Altaf Qadri, b. 1976
A staff photographer with Associated Press since 2008, Qadri’s pictures in Witness are often composed radially, with the eye being led inwards. In Washing Of Muharram Wounds, a disparate circle is united by bloodied hands; in Funeral After A Staged Encounter, we see older men reaching out to a grieving boy at the centre; in Grave Of A Militant Commander, pheran-clad men guard the periphery while a thorny branch descends, as if to shield the grave. In the image above, the radial motif is upfront: Everyday life in Kashmir must be viewed through cracks in the windscreen, guarded by a baffled man in uniform.
Sumit Dayal, b. 1981
Brought up in Kathmandu and trained at New York’s International Center for Photography, Dayal’s beginnings as a photographer in Kashmir could not have been more different from those of the others in this book. His images, too, locate themselves less squarely in the political domain and more in the interstices of personal and collective memory. Since 2009, when he visited Srinagar after 17 years, Dayal’s desire to recapture the Kashmir of his childhood memories has taken new shape, expressed increasingly in work with “found” photographs: from private collections, bureaucratic files, local studio pictures, as well as his own family albums.
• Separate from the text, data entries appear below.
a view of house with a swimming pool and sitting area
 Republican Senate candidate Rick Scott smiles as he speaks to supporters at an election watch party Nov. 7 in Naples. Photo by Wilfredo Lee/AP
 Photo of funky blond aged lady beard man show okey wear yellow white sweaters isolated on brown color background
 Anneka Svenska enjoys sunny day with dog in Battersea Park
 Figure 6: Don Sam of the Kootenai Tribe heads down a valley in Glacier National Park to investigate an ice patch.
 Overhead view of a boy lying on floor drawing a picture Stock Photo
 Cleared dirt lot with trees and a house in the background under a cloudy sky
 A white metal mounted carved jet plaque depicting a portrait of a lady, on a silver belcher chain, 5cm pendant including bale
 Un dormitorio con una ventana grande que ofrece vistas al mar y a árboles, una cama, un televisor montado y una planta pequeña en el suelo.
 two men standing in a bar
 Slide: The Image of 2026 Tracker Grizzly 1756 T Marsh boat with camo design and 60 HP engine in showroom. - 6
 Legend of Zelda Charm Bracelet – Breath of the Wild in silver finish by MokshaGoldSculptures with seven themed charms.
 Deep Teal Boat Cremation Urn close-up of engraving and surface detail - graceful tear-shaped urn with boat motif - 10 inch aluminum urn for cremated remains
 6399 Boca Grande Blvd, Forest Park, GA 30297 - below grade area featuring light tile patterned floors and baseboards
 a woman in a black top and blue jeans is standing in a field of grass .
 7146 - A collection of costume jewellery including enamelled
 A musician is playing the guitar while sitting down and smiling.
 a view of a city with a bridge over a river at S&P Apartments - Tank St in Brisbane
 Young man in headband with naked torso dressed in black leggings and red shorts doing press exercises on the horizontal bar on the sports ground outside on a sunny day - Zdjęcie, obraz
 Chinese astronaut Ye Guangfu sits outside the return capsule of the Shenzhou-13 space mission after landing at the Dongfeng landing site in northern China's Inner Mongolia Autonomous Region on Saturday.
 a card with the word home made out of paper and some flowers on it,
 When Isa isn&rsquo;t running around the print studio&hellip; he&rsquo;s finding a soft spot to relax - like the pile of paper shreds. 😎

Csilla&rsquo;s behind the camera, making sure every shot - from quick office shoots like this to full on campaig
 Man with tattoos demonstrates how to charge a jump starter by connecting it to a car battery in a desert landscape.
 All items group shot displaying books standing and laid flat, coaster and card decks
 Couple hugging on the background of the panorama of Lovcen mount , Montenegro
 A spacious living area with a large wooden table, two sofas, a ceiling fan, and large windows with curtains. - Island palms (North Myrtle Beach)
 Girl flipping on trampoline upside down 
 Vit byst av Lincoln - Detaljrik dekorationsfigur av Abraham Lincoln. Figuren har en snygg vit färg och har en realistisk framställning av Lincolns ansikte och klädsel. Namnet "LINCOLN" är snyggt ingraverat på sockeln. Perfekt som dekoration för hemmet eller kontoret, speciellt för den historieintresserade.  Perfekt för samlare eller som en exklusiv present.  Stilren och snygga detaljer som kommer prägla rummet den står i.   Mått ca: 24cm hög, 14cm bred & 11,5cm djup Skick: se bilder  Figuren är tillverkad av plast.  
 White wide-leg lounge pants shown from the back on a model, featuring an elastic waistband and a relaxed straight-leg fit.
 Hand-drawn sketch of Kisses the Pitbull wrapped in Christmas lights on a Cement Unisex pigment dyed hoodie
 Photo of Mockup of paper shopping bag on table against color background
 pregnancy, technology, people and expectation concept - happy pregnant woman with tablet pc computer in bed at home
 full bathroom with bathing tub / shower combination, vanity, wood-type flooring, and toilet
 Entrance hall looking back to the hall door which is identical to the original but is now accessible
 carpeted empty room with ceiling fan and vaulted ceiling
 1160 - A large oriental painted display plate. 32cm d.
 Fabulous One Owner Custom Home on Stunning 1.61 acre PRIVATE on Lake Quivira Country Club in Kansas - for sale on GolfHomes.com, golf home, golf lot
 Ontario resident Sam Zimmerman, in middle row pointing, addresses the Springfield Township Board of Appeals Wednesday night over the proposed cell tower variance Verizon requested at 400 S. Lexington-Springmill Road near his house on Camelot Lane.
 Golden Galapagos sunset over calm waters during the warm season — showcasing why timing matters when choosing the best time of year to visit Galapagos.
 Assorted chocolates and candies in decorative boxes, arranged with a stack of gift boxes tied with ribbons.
But the theme of home abides.
Showkat Nanda, b. 1982
Nanda was 7 when police firing in Baramulla killed his teenaged cousin Parvez. Months later, in March 1990, Nanda’s 16-year-old brother Sajad joined the Jammu and Kashmir Students Liberation Front. He died in an accident while crossing the Line of Control, and Kak’s conversations with Nanda in the book elicit the family’s stored-up grief: a fiery speech Sajad once crafted; a poem their headmaster-father wrote about losing a son to a cause. Much of his work appears rooted in that personal loss: There’s a series on young boys on the run, a series on stone-throwers, another on women whose sons and husbands have disappeared.
Syed Shahriyar, b. 1992
“Why would I choose to have five pictures of the flood and five of Muharram in Shahriyar’s images?” asked Kak at the Witness launch. “Because I can see there is a pause—he is figuring something out for himself.” Shahriyar is a Shia, and his studied black and white Muharram images, often of women in the stillness and contemplation of grief, mark a deliberate departure from the usual goriness of Muharram depictions. Several other photographs underline the crucial place of image-making in the new Kashmir: cameraphones at a militant’s funeral, or during a police announcement, wielded as tiny weapons of the everyday.
Azaan Shah, b. 1997
The youngest to be included in ‘Witness’, Shah lives with his parents and elder sister in Fatehkadal and likes to think of himself as a photographer of Srinagar’s streets. “I want to show only one thing well, and that is downtown,” he told Kak in the book. But even as he stalks the downtown neighbourhoods of Zainakadal, Bohrikadal, Alikadal and Jamia Masjid (seen in picture), he usually overlooks the protest image for the street that is shut down, or the stillness of a lone figure against a background. The most dramatic things in his pictures are the shadows.